-- DATA EXTRACT follows --

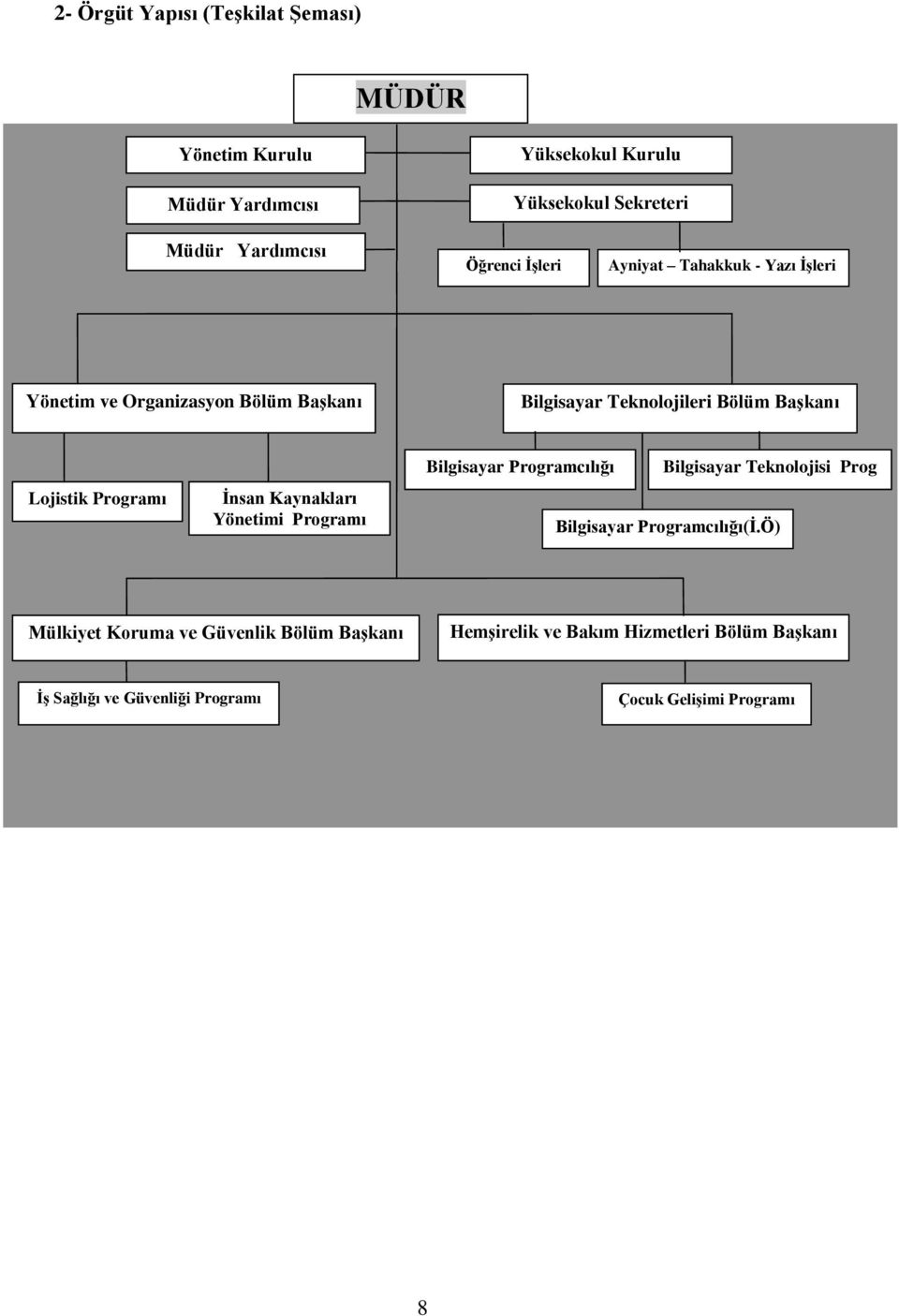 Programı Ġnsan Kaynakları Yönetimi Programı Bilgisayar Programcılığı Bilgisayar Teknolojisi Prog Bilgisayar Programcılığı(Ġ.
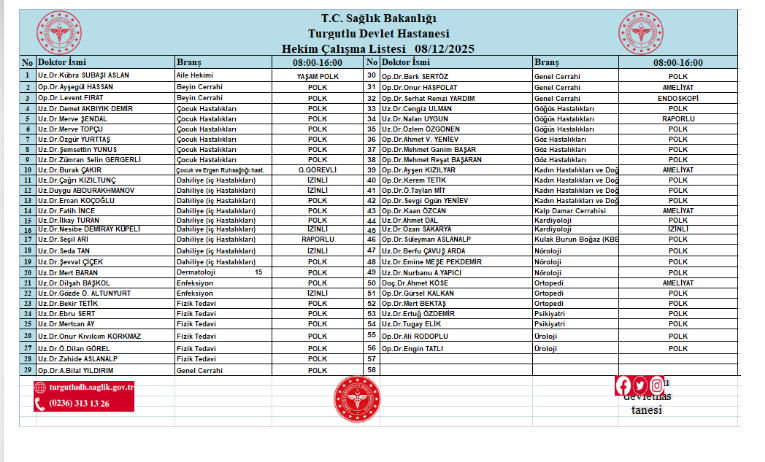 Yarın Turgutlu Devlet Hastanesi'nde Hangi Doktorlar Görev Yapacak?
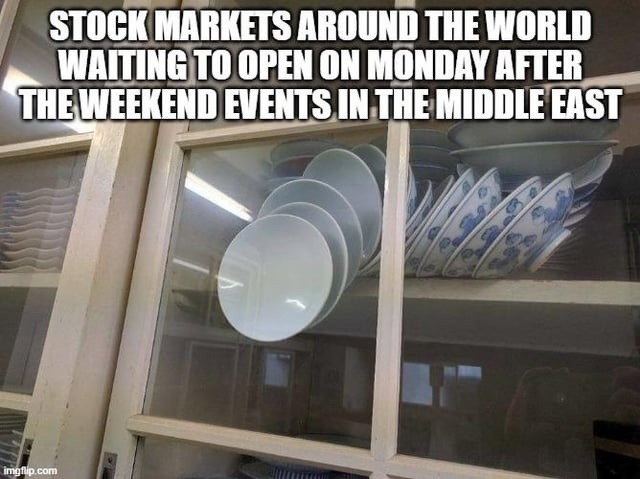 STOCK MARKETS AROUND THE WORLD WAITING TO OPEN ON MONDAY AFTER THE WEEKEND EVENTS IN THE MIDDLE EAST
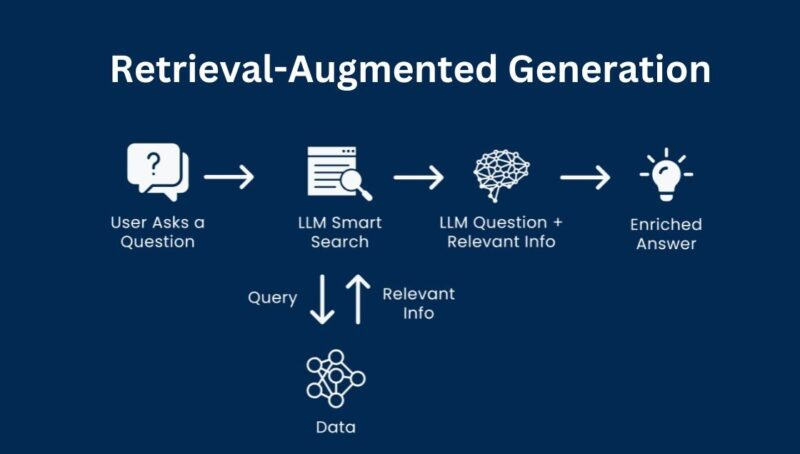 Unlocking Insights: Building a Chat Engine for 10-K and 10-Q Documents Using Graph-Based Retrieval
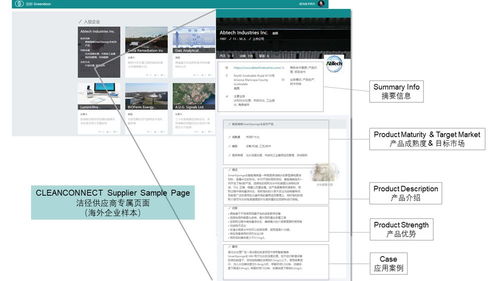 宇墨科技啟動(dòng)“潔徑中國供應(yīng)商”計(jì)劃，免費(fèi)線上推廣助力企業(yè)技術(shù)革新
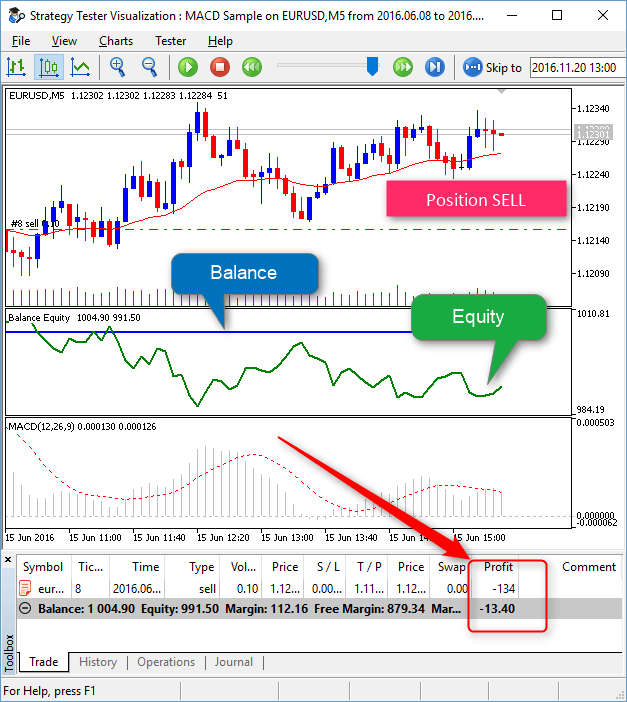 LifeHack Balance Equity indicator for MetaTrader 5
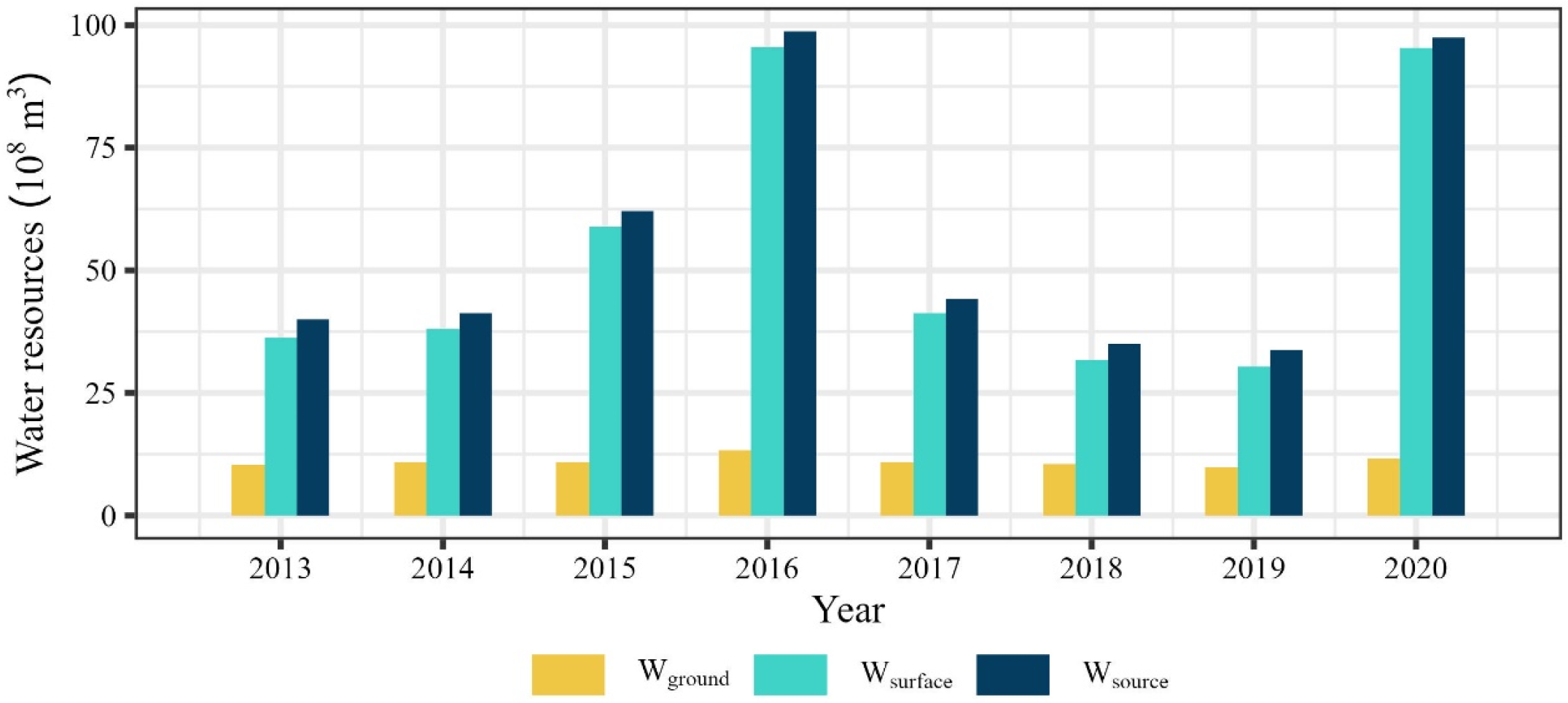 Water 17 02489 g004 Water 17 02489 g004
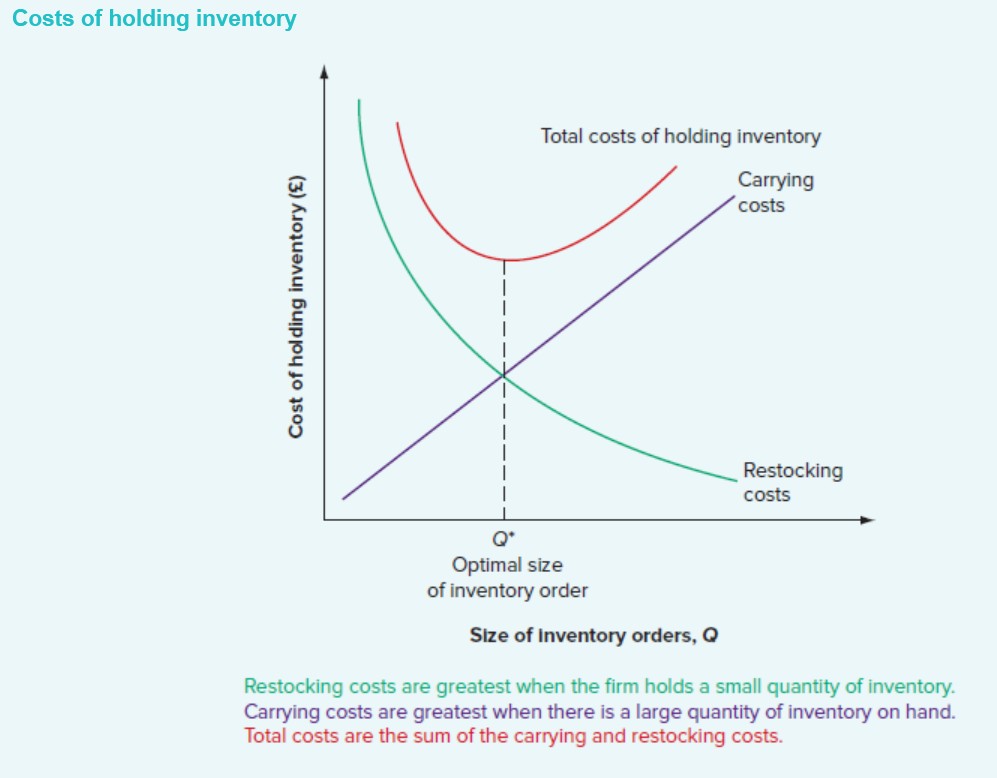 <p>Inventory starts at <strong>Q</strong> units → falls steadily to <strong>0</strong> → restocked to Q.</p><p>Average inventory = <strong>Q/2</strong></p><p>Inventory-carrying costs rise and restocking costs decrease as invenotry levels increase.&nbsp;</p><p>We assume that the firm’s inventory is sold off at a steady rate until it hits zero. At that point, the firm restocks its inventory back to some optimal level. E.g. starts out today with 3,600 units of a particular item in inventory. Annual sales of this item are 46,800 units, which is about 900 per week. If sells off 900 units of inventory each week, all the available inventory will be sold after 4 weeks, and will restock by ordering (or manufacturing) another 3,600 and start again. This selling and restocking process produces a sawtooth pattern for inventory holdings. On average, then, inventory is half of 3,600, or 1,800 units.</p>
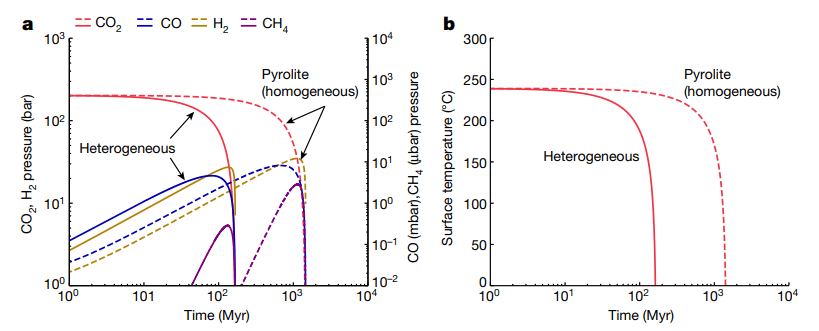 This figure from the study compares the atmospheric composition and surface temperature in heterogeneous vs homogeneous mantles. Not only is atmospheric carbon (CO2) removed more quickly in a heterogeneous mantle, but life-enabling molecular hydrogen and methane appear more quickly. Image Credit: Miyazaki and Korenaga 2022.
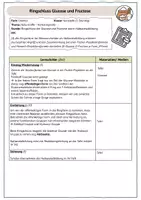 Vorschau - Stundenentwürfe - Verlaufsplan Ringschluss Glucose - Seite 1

-- DATA EXTRACT concluded --

• _WORK REQUEST_:
An exact copy of the listing is required, excluding any pictures.

• _SOLUTION BELOW_:
 Programı Ġnsan Kaynakları Yönetimi Programı Bilgisayar Programcılığı Bilgisayar Teknolojisi Prog Bilgisayar Programcılığı(Ġ.
 Yarın Turgutlu Devlet Hastanesi'nde Hangi Doktorlar Görev Yapacak?
 STOCK MARKETS AROUND THE WORLD WAITING TO OPEN ON MONDAY AFTER THE WEEKEND EVENTS IN THE MIDDLE EAST
 Unlocking Insights: Building a Chat Engine for 10-K and 10-Q Documents Using Graph-Based Retrieval
 宇墨科技啟動(dòng)“潔徑中國供應(yīng)商”計(jì)劃，免費(fèi)線上推廣助力企業(yè)技術(shù)革新
 LifeHack Balance Equity indicator for MetaTrader 5
 Water 17 02489 g004 Water 17 02489 g004
 <p>Inventory starts at <strong>Q</strong> units → falls steadily to <strong>0</strong> → restocked to Q.</p><p>Average inventory = <strong>Q/2</strong></p><p>Inventory-carrying costs rise and restocking costs decrease as invenotry levels increase.&nbsp;</p><p>We assume that the firm’s inventory is sold off at a steady rate until it hits zero. At that point, the firm restocks its inventory back to some optimal level. E.g. starts out today with 3,600 units of a particular item in inventory. Annual sales of this item are 46,800 units, which is about 900 per week. If sells off 900 units of inventory each week, all the available inventory will be sold after 4 weeks, and will restock by ordering (or manufacturing) another 3,600 and start again. This selling and restocking process produces a sawtooth pattern for inventory holdings. On average, then, inventory is half of 3,600, or 1,800 units.</p>
 This figure from the study compares the atmospheric composition and surface temperature in heterogeneous vs homogeneous mantles. Not only is atmospheric carbon (CO2) removed more quickly in a heterogeneous mantle, but life-enabling molecular hydrogen and methane appear more quickly. Image Credit: Miyazaki and Korenaga 2022.
 Vorschau - Stundenentwürfe - Verlaufsplan Ringschluss Glucose - Seite 1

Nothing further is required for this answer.